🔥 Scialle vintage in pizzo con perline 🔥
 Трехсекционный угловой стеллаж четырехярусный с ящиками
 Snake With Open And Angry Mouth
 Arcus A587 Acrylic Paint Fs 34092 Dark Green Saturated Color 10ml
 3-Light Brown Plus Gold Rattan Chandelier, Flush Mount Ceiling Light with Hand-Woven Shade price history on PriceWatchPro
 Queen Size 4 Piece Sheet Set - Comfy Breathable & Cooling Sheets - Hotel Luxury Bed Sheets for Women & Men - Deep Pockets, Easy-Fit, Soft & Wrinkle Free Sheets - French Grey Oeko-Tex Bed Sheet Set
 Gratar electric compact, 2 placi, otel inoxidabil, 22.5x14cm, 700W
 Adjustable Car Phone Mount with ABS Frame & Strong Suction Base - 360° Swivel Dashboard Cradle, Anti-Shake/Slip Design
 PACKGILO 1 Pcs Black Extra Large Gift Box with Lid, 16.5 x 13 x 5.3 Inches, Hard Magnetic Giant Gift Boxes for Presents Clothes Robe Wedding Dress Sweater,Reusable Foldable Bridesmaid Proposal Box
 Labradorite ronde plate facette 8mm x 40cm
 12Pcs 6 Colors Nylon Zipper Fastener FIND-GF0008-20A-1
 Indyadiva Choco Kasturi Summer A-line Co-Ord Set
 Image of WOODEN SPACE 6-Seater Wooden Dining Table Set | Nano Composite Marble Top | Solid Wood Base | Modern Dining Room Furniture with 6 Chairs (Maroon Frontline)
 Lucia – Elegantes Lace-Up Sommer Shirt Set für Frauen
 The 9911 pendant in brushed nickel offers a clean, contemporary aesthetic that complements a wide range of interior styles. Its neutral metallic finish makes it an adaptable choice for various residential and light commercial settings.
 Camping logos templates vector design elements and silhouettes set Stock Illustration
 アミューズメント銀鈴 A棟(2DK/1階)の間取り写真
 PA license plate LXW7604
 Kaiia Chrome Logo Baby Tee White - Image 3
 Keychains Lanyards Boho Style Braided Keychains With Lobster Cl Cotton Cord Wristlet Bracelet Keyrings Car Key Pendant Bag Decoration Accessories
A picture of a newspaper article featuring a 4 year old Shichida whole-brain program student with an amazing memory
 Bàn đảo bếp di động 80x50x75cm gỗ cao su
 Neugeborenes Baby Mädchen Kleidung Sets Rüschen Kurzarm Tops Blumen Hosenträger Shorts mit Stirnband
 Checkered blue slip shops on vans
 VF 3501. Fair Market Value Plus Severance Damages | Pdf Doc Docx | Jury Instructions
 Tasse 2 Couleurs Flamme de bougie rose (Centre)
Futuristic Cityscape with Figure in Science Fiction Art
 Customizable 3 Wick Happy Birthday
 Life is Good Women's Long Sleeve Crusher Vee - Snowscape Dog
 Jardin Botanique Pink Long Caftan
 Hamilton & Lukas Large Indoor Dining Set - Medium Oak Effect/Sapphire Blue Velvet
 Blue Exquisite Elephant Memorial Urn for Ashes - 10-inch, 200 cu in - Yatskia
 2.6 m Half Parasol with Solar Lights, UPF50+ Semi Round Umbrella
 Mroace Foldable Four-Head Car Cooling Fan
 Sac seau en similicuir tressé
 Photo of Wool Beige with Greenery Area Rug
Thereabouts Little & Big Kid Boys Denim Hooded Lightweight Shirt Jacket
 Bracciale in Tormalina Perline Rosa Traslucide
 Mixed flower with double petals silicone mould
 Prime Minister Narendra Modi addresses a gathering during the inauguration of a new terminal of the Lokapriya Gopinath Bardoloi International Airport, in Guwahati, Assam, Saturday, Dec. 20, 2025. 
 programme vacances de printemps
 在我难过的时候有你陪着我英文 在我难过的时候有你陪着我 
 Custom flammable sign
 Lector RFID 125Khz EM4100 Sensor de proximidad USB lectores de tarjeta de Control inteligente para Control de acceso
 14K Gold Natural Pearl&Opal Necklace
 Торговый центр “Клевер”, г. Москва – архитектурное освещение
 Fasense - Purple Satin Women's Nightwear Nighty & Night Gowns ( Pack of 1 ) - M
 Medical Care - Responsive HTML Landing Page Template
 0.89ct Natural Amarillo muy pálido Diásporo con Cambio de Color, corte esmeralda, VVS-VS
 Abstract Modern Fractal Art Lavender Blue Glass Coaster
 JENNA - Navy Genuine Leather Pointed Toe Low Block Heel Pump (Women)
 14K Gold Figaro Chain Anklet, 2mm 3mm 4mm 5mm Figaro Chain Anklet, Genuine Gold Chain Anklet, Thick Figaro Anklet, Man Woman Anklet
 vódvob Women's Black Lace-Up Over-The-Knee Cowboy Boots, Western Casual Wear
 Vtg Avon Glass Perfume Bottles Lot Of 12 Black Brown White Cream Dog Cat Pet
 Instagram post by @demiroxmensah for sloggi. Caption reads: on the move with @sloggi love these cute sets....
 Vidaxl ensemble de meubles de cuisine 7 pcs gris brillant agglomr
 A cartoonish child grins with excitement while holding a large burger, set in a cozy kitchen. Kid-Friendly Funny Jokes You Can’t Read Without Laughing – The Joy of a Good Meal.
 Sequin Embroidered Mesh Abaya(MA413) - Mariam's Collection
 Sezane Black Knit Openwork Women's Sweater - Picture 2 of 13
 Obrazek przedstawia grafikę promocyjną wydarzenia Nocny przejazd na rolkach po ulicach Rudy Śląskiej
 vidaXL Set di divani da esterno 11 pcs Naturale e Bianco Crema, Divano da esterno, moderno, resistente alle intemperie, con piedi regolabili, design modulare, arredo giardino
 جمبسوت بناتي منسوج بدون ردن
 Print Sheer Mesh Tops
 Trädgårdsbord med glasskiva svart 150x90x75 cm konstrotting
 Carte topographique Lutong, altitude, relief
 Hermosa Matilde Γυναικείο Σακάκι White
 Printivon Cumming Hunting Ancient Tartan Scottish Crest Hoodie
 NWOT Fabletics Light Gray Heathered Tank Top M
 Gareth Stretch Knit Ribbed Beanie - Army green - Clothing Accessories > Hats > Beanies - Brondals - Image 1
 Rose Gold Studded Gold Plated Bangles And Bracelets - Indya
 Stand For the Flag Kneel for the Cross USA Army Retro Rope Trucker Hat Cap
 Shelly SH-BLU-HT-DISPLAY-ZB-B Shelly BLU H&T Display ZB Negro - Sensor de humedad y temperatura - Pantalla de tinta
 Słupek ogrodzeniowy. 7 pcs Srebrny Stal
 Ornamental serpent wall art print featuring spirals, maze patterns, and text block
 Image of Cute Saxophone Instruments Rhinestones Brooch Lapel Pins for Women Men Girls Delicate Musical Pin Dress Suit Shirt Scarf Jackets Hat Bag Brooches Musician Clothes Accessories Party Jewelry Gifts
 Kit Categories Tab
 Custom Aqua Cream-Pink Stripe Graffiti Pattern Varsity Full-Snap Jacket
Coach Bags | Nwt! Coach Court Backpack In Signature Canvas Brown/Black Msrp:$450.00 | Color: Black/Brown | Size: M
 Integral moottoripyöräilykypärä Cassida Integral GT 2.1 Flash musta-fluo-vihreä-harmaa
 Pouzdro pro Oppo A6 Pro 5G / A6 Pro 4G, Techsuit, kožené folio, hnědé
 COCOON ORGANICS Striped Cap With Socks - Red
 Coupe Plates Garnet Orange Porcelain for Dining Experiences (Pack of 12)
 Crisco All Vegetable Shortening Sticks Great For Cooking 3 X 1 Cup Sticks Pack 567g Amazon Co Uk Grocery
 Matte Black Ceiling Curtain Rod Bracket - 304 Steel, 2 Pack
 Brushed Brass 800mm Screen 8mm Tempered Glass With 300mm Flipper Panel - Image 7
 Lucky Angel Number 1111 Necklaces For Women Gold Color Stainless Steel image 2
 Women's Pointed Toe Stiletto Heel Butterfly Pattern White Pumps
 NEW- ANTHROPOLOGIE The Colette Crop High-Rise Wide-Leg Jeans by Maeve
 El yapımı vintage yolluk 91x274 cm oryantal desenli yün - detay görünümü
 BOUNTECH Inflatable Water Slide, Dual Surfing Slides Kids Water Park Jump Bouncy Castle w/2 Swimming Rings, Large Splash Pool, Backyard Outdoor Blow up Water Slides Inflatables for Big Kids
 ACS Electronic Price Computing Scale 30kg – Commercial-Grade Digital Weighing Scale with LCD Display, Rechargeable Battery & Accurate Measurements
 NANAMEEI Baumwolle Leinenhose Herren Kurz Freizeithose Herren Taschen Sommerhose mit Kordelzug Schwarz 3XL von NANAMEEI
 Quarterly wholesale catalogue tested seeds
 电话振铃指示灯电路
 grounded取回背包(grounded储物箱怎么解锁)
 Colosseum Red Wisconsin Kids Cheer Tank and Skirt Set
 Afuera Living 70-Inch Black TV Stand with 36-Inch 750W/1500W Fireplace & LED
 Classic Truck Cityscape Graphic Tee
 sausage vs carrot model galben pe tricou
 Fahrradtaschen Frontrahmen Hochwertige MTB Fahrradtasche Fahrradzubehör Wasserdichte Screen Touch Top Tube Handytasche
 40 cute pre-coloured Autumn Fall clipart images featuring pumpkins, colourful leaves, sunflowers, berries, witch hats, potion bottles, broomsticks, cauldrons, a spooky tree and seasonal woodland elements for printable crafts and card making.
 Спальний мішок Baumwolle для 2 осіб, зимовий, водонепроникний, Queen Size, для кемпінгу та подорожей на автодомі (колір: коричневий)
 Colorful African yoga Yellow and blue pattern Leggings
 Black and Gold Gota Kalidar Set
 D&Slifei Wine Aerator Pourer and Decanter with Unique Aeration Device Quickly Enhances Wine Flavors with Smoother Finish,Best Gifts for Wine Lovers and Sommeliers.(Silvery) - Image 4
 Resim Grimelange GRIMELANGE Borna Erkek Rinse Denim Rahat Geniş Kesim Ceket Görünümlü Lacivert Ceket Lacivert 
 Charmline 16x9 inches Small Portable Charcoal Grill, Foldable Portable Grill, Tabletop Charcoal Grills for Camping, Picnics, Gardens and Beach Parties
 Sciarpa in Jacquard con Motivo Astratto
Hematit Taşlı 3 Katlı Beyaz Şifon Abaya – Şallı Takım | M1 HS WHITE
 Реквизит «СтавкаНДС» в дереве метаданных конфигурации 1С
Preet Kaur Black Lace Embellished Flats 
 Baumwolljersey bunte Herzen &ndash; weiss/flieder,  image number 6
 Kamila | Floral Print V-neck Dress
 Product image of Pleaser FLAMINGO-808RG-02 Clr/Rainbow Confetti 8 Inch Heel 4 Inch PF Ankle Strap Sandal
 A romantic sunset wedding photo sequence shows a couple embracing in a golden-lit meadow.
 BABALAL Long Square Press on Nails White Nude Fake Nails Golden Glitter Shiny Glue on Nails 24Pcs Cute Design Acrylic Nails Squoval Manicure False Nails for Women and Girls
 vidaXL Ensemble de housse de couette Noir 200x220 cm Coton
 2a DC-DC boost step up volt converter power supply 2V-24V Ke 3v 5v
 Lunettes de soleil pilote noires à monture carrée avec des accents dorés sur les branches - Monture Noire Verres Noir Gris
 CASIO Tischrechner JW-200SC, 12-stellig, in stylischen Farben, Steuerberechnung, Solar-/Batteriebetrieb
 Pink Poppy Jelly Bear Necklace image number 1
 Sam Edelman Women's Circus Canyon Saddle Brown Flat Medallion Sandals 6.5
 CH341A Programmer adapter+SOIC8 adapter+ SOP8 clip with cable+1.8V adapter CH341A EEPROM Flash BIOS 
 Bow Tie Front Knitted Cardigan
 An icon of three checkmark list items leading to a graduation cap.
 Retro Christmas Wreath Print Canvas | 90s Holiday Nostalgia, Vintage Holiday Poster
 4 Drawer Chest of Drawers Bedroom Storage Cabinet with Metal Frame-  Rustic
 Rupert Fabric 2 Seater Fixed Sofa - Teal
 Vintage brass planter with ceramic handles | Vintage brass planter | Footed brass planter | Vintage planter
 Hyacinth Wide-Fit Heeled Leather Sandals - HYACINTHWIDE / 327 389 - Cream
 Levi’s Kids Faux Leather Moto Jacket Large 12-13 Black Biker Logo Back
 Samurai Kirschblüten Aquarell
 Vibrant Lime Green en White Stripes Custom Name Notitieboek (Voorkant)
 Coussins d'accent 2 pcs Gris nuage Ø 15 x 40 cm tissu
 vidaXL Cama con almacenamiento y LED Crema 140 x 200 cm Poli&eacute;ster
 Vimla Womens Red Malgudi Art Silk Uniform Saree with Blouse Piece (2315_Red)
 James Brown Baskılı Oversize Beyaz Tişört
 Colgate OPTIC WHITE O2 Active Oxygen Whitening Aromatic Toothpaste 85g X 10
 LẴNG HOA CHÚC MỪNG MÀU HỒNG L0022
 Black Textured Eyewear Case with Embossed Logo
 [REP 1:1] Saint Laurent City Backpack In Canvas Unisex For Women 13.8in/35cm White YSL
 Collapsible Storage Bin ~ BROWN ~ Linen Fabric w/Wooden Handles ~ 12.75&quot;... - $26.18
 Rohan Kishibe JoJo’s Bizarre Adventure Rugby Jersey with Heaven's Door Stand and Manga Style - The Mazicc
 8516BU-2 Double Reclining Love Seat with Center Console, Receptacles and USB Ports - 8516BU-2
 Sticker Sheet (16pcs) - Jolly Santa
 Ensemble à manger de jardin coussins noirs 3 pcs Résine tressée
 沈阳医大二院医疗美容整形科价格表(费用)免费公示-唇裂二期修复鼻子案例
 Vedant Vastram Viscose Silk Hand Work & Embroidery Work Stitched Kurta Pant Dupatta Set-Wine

- THE TASK: Copy out only the lines above from the one with "Трехсекционный угловой стеллаж" to the one with "Neugeborenes Baby Mädchen", inclusive, exactly as they stand.

- COMPLETED EXERCISE:
 Трехсекционный угловой стеллаж четырехярусный с ящиками
 Snake With Open And Angry Mouth
 Arcus A587 Acrylic Paint Fs 34092 Dark Green Saturated Color 10ml
 3-Light Brown Plus Gold Rattan Chandelier, Flush Mount Ceiling Light with Hand-Woven Shade price history on PriceWatchPro
 Queen Size 4 Piece Sheet Set - Comfy Breathable & Cooling Sheets - Hotel Luxury Bed Sheets for Women & Men - Deep Pockets, Easy-Fit, Soft & Wrinkle Free Sheets - French Grey Oeko-Tex Bed Sheet Set
 Gratar electric compact, 2 placi, otel inoxidabil, 22.5x14cm, 700W
 Adjustable Car Phone Mount with ABS Frame & Strong Suction Base - 360° Swivel Dashboard Cradle, Anti-Shake/Slip Design
 PACKGILO 1 Pcs Black Extra Large Gift Box with Lid, 16.5 x 13 x 5.3 Inches, Hard Magnetic Giant Gift Boxes for Presents Clothes Robe Wedding Dress Sweater,Reusable Foldable Bridesmaid Proposal Box
 Labradorite ronde plate facette 8mm x 40cm
 12Pcs 6 Colors Nylon Zipper Fastener FIND-GF0008-20A-1
 Indyadiva Choco Kasturi Summer A-line Co-Ord Set
 Image of WOODEN SPACE 6-Seater Wooden Dining Table Set | Nano Composite Marble Top | Solid Wood Base | Modern Dining Room Furniture with 6 Chairs (Maroon Frontline)
 Lucia – Elegantes Lace-Up Sommer Shirt Set für Frauen
 The 9911 pendant in brushed nickel offers a clean, contemporary aesthetic that complements a wide range of interior styles. Its neutral metallic finish makes it an adaptable choice for various residential and light commercial settings.
 Camping logos templates vector design elements and silhouettes set Stock Illustration
 アミューズメント銀鈴 A棟(2DK/1階)の間取り写真
 PA license plate LXW7604
 Kaiia Chrome Logo Baby Tee White - Image 3
 Keychains Lanyards Boho Style Braided Keychains With Lobster Cl Cotton Cord Wristlet Bracelet Keyrings Car Key Pendant Bag Decoration Accessories
A picture of a newspaper article featuring a 4 year old Shichida whole-brain program student with an amazing memory
 Bàn đảo bếp di động 80x50x75cm gỗ cao su
 Neugeborenes Baby Mädchen Kleidung Sets Rüschen Kurzarm Tops Blumen Hosenträger Shorts mit Stirnband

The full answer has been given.